Modernized rules on the Endangered Species Act are officially reinstated after an appeals court decision.

The Ninth Circuit Court of Appeals ruled that a district court improperly vacated 2019 revisions of the Endangered Species Act (ESA). The appeals court says the lower court erred by reversing the regulations without considering whether they were lawful.

“The revisions to the Endangered Species Act protected at risk animals while ensuring farmers could continue feeding America’s families,” American Farm Bureau Federation (AFBF) President Zippy Duvall said. “This ruling doesn’t bring an end to the debate about modernizing the ESA, but it sends an important message to the 9th Circuit lower courts that their job is to rule based on the law. They can no longer vacate a rule unless they determine it is unlawful.”

It’s an important decision for U.S. farmers and ranchers.

“It reinstates an important and modernized Endangered Species Act that we think is much, much better to protect endangered species but also to ensure that farmers and ranchers are able to do their work,” said Travis Cushman, deputy general counsel for Litigation and Public Policy at AFBF. “It creates a much, much better precedent that forces federal courts to actually do the job of looking at the law before they decide to get rid of it.

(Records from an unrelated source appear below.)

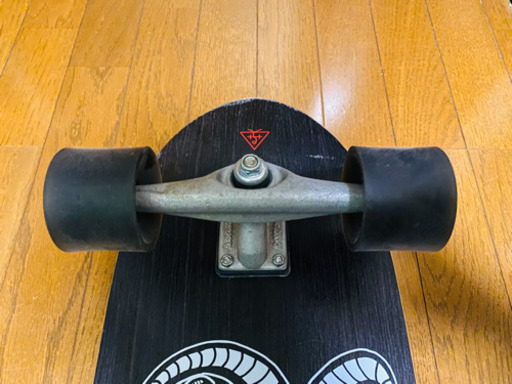カーバー Carver サーフスケボー Yago Dora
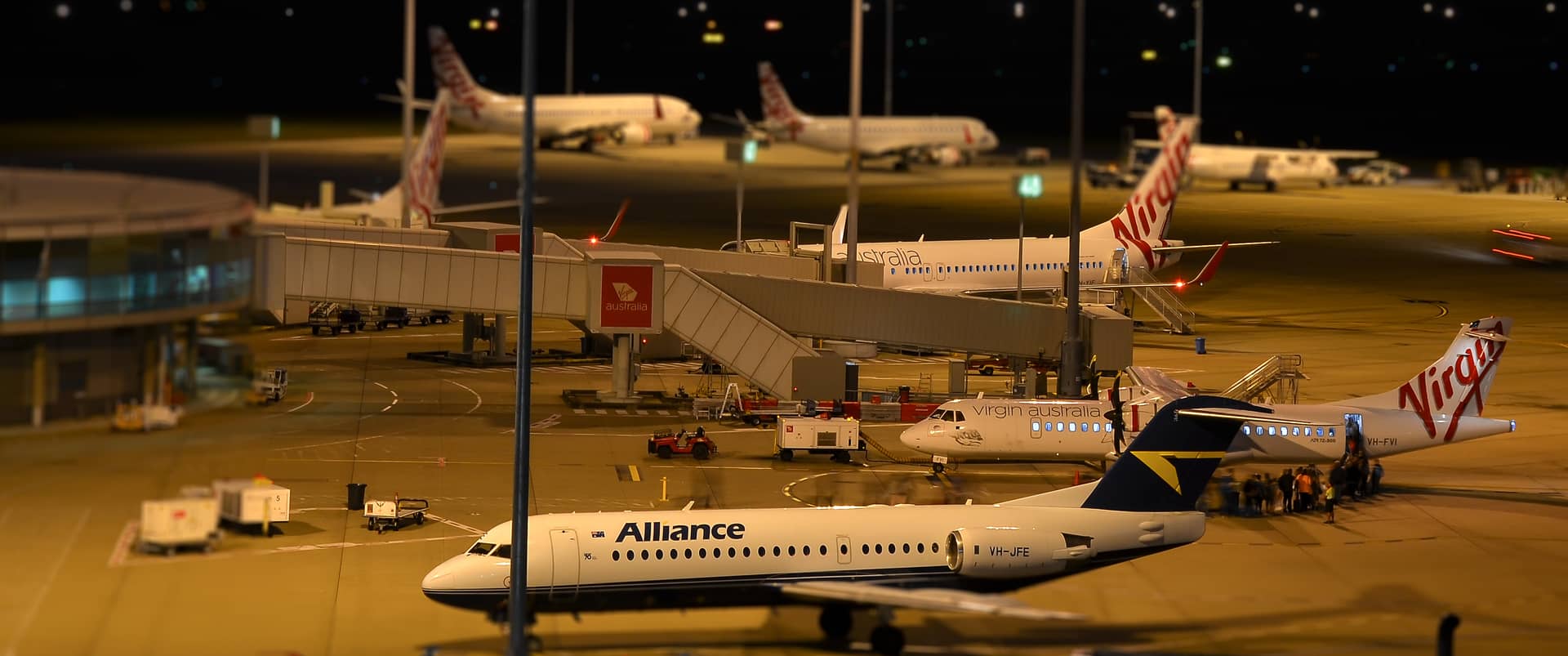 Brisbane Airport (BNE), Australien – Australien, Australien und Ozeanien. Foto: Christian Böhme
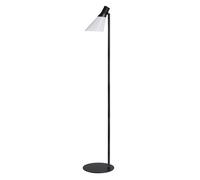 Dyberg Larsen Gent Floor Lamp Opal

This is a problem that we’ve faced many times, where groups decide they don’t like the rules that we get done, go to certain courts and get the rules kicked out without the court ever actually looking at the rule and saying is this rule lawful or not?”

But Cushman said the process isn’t over yet.

“There’s going to be two options. The court can either send this back to the agencies to work on, which we think is the appropriate action, or alternatively, the court might try to fix the problem in the first place by looking at the rule itself,” Cushman said. “Hopefully, the court will do the right thing and keep the rule in place for the time being.”